TM: Well, I had stepmother.

MU: Oh, you did? Okay.

TM: I went as far as the Kokura station, and it was toward evening, and the stationmaster came and said there was no more Allied personnel car -- not a train, but a car -- available going down that part of Kyushu, so the question was, the choice was whether I would take a regular car with the Japanese, mixed with the Japanese, or wait 'til the following morning. And I said, "No, I'd like to go right now." So they, stationmaster, imagine stationmaster came out and said, "All right, then we'll give you a seat." In fact, he gave me four seats, you know, they face each other like this. Then four people can sit.
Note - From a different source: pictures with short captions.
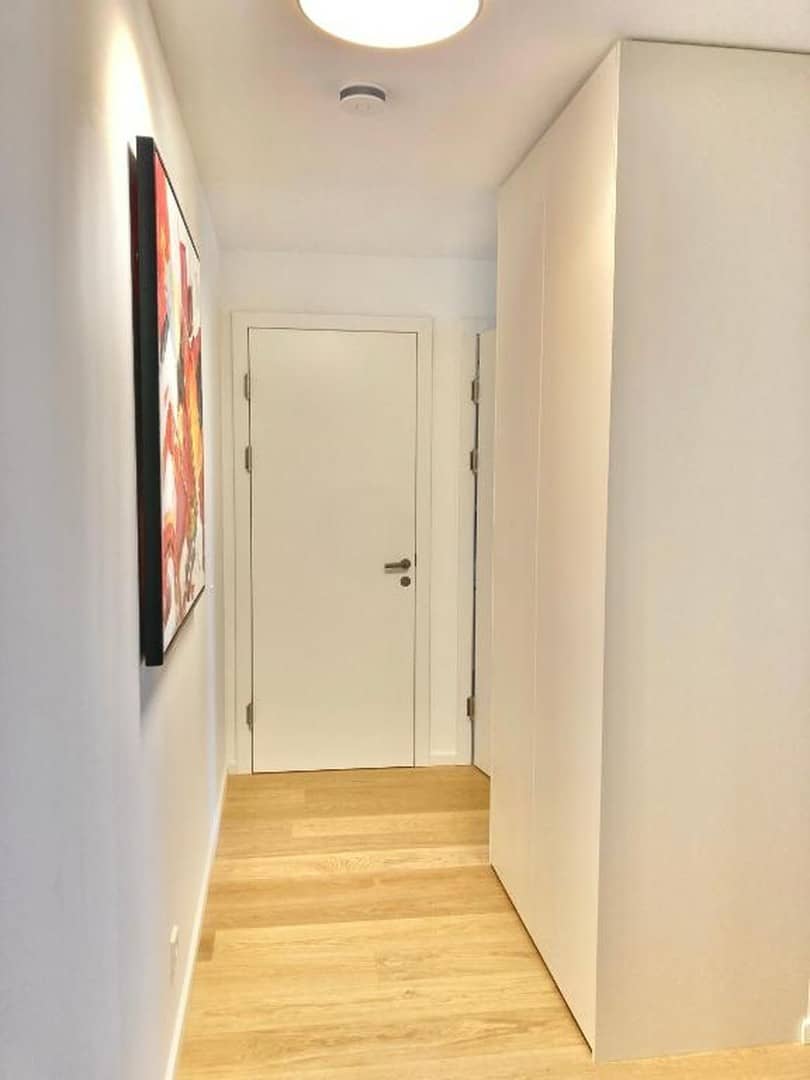 Hell frisch renovierte Wohnung mit Balkon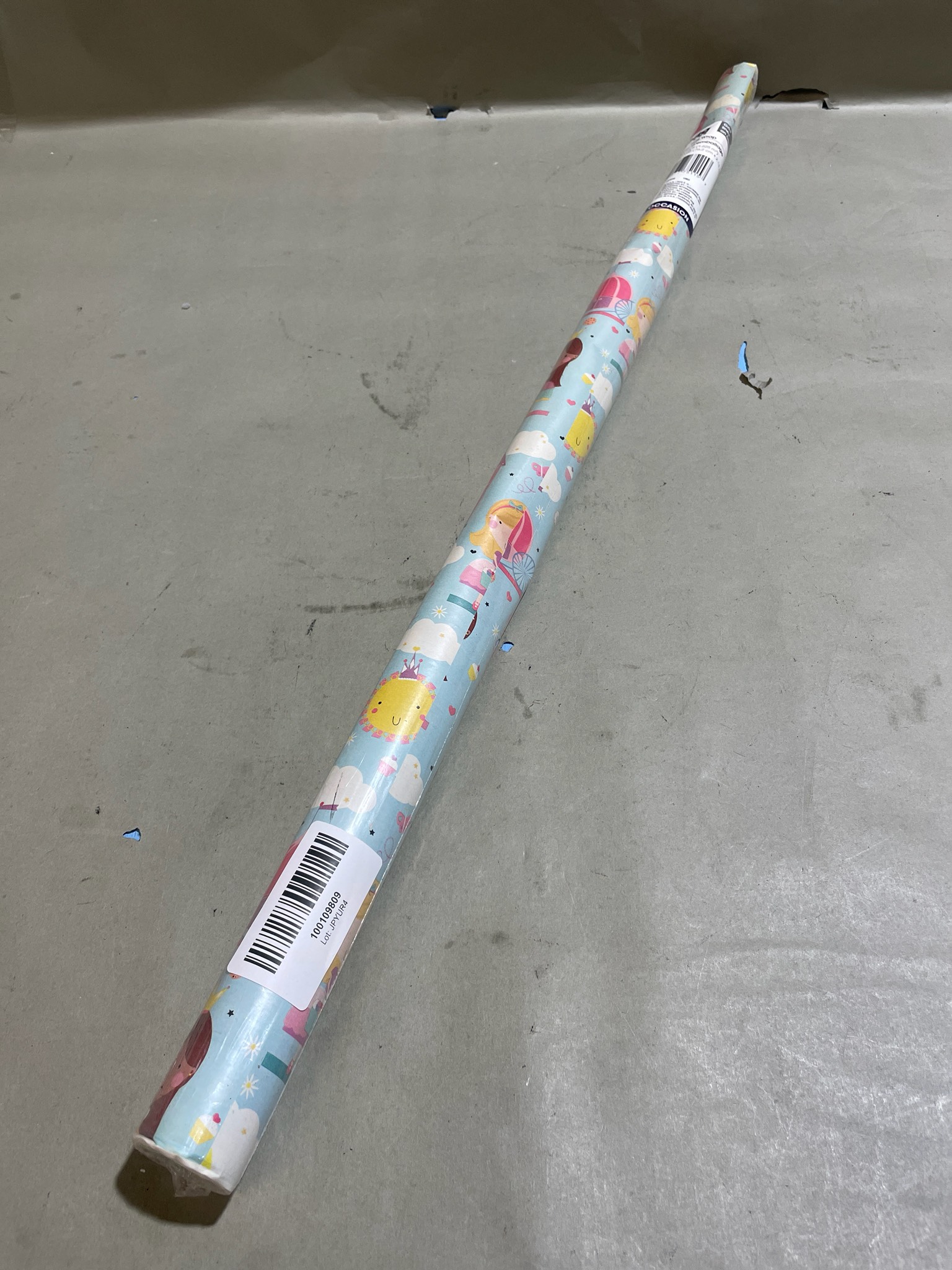 Voila Light Blue Glossy Gift Wrap Roll Size 17.5 sq ft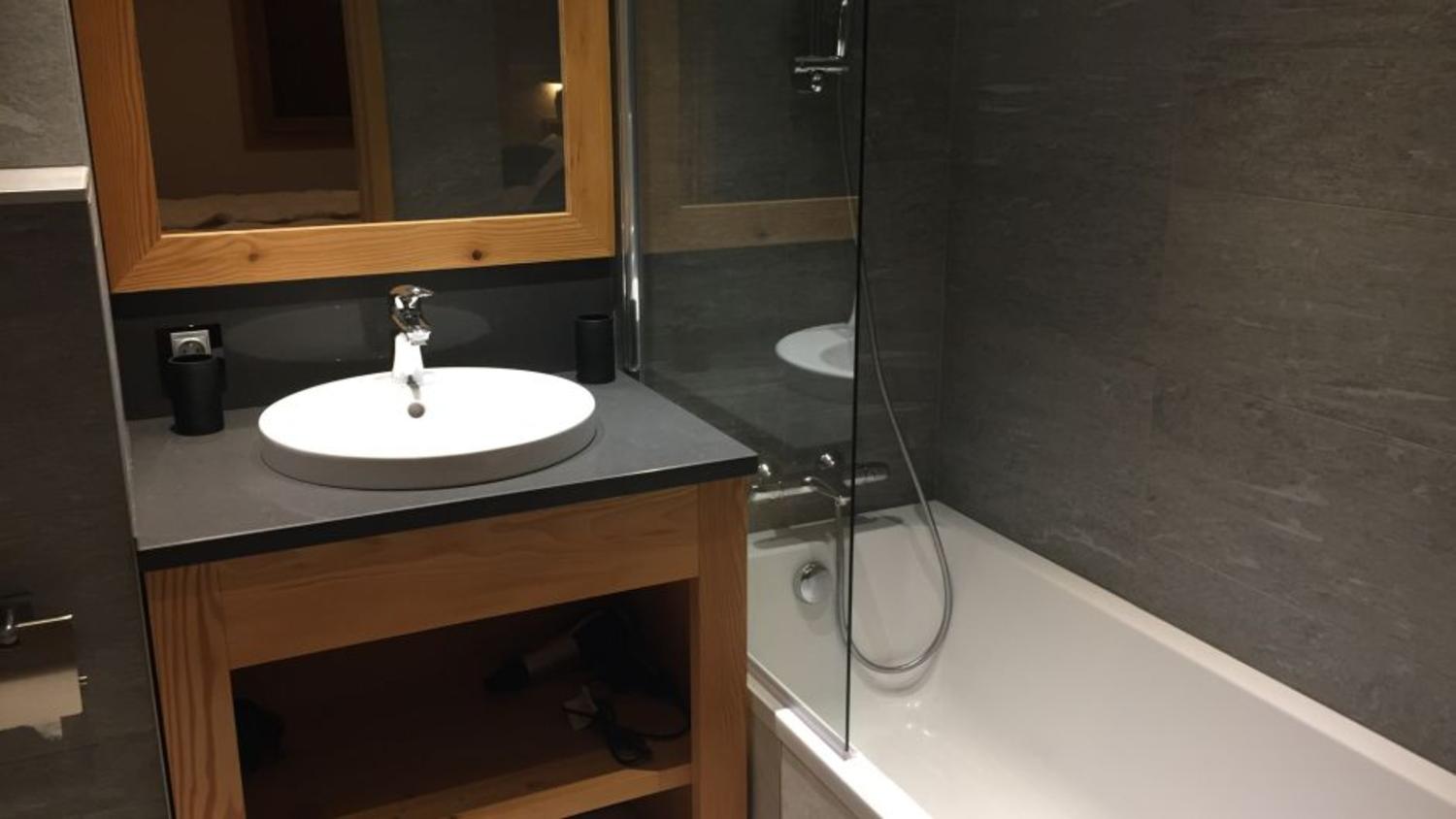 6105222-chalet-monte-corona-bathroom-1267186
And outside of the window, they said, "This is exclusively for occupation forces," he wrote down in chalk. And then in the meantime, he told his staff to telephone the station where my father was living, and go to my father's place and tell him that I'm coming, arriving at certain time. And of course, he was waiting.
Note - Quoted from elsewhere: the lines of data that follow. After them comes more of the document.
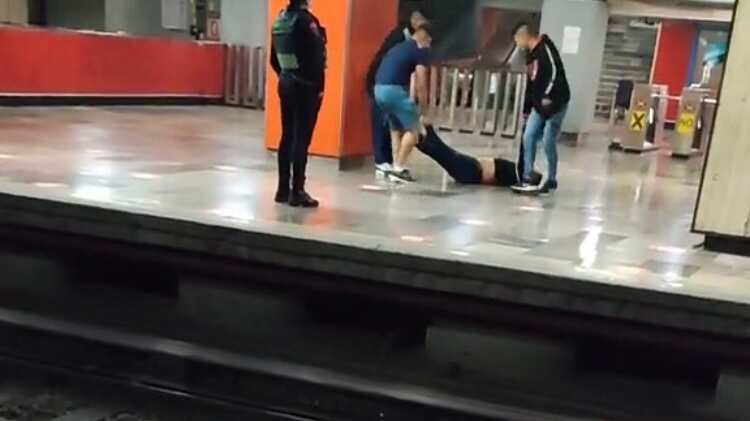 Dos amigos deciden arrastrar a su compañero borracho en la estación de metro Allende en Ciudad de México, México.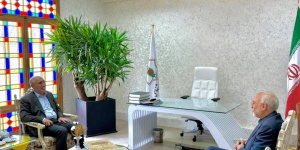 تأکید بر گسترش حمایت از فعالیتهای ایرانشناسی تأکید بر گسترش حمایت از فعالیتهای ایرانشناسی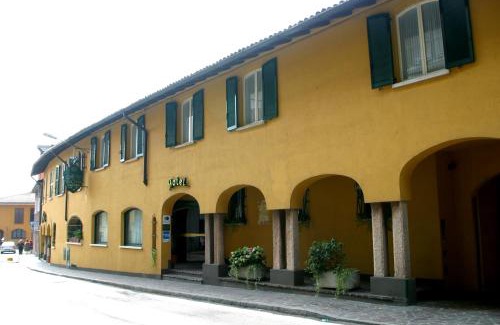 Binasco Hotel | Albergo Della Corona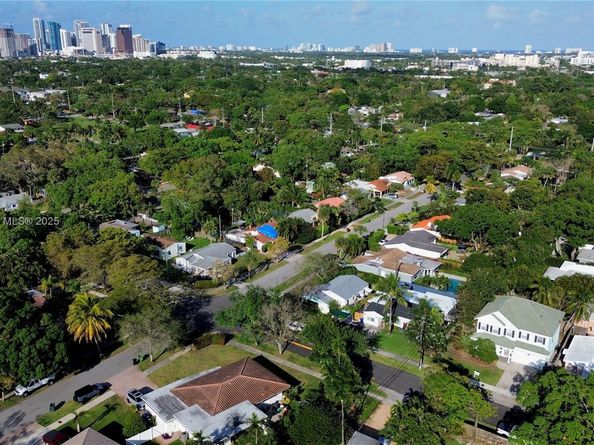 1812 SW 10th Ave, Fort Lauderdale FL 33315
But I got into a really congested car, and everybody was looking at me in a funny way, because I had four seats to myself. And everybody was standing, and I felt kind of bad. Of course, I was in uniform, so I asked a obaachan, elderly lady closest to me, I said, "Please sit down." And she said, "No, no." Then I asked an old man, "Please sit down." He said, "No." So I said, "Well, I was born and brought up not too far from here, and I happened to go to America when I was young, and I came back, and so I'm going to see my folks. So please sit down." And one obaachan sat down. And after she sat down, everybody came to sit down. [Laughs] Asking me, asking me where I was, what I did, and where I was brought up and all that. And so they were kind of amused, strange to see same kind as them in different uniform. But the train took about fifteen minutes to get to the station, so I didn't have too much time to talk with them.